Rewind a few months, and Mia and Pearl Warren, mother and teenage daughter, arrive in Shaker Heights in a car that holds all of their belongings. They rent an apartment from the Richardsons, and an inescapable sequence of events is set in motion.
Pearl and Moody start a tentative, transformative friendship that soon envelops the other Richardson children. Izzy is drawn to the subversive idea of Mia – the artistic and carefree single mother becomes a haven for Izzy whose antics have long frustrated her own mother. Izzy becomes an apprentice to Mia. On the surface, she studies photography with Mia, but at a deeper, more disconcerting level she is slowly and selectively adapting Mia’s philosophy without accounting for the difference in their age or circumstances.
Both Elena and Mia are silently uncomfortable with the other’s influence on their children. Pearl spends most afternoons at the Richardsons, wearing their castoffs and watching their favourite TV dailies. Old family friends of the Richardsons adopt a Chinese infant from the foster care system.
The resurfacing of the birth mother ignites an ugly, length court battle on which Elena and Mia fiercely disagree. As Mr Richardson chooses to represent their family friends in court, and Mia sides with the birth mother, the slow collision of two families with different experiences of and opinions on money, purpose, and parenting become tragically inevitable.
Troubling questions
The court case troubles the murky waters of right and wrong, of the legal basis on which to decide whether a child’s mother can change her mind after giving the child for adoption, and of much else. I wrote the review several days after reading the book because I was distressed by the questions the novel raises. Can white parents make suitable parents for Asian children? What piece of culture will remain missing from the lives of those adopted children? Should negligent parents who abandon their children be given a second chance?
Nicole Chung is a Korean adoptee with white parents who has written articulately about the deep loss she felt for her birth family here. This is Us, a popular TV show on air now, looks thoughtfully at the childhood of a black son of white parents who makes a mark in his notebook every time he meets a new black person. Ng’s first book was compelling because it made us look anew at family, ambition, academic pressure and growing up in upsetting, confrontational ways. Her second was distressing because it poked at my comfortable boundaries between right and wrong. As I read, every bone in my body protested, “Surely the parents who bring you up are your only true family. Ng must have got this wrong.” But chipping away at that discomfort in the past few days, I was driven to think and read more widely on the subject.

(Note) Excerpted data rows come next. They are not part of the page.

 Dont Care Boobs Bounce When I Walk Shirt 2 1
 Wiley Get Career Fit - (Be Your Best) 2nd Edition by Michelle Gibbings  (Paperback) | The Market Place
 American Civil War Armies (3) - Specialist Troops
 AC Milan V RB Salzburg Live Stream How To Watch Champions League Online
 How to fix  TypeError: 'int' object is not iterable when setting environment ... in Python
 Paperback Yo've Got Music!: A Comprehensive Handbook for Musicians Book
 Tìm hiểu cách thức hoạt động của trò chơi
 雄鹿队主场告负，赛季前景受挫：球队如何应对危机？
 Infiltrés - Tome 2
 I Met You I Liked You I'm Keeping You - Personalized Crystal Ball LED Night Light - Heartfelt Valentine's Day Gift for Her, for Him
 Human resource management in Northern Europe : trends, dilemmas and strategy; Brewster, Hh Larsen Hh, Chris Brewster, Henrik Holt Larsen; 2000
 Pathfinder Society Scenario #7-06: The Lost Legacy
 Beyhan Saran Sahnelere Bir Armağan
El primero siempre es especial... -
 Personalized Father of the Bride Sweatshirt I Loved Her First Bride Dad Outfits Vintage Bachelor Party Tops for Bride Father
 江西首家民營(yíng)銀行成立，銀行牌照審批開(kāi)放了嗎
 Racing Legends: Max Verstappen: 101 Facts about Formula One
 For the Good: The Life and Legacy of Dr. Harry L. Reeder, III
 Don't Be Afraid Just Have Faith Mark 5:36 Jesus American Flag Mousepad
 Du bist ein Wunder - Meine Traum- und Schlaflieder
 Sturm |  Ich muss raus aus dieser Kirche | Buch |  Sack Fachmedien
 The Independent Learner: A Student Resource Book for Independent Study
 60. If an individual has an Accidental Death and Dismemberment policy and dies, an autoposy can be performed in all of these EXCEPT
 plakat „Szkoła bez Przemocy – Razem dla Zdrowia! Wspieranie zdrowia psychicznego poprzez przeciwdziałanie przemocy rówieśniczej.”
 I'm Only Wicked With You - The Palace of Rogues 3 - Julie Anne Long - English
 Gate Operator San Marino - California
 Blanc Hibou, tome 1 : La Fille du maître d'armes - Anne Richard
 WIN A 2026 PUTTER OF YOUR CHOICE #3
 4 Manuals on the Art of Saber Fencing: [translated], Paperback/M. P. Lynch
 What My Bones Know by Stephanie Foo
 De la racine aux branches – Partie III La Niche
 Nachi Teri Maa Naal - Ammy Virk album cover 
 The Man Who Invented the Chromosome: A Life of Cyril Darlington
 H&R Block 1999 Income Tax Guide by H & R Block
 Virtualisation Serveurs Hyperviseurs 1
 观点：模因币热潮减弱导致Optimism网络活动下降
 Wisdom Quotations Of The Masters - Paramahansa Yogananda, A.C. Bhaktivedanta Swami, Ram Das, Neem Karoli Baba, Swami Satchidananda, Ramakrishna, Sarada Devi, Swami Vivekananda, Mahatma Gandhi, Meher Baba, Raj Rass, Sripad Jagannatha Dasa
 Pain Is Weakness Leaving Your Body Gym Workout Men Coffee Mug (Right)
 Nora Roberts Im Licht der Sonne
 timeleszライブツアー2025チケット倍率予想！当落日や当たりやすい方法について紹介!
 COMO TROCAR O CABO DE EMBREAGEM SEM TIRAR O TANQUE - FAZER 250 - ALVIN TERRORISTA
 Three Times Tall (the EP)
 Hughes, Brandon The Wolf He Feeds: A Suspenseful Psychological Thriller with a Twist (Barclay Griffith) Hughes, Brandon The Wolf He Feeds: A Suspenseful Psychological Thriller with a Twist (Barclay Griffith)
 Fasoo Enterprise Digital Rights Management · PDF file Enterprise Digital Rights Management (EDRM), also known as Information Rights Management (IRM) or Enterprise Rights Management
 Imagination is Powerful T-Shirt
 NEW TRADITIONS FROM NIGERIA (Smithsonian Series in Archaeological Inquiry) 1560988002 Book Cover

Ng’s world constantly veers between planned order and instinct, rules and passion, and chosen motherhood and umbilical motherhood. The last two draw from the bottomless well literature paints maternal love as. Is one preferable to the other? Is Mia a good mother to Pearl? Is Izzy in need of a different kind of parental love? After you read Everything I Never Told You, you’ll know Ng doesn’t believe in easy answers or in solving the mystery for you.
As always, Ng’s prose is clear, devoid of rambling or diversion, and stunning in its ability to draw three-dimensional characters. The plot does occasionally squeak under the weight of the thorny but crucial questions she puts forward. With her first, she took away pieces of the certainty we’ve come to depend upon in thrillers. In her second, she does away with certainty entirely.
Little Fires Everywhere, Celeste Ng, Penguin.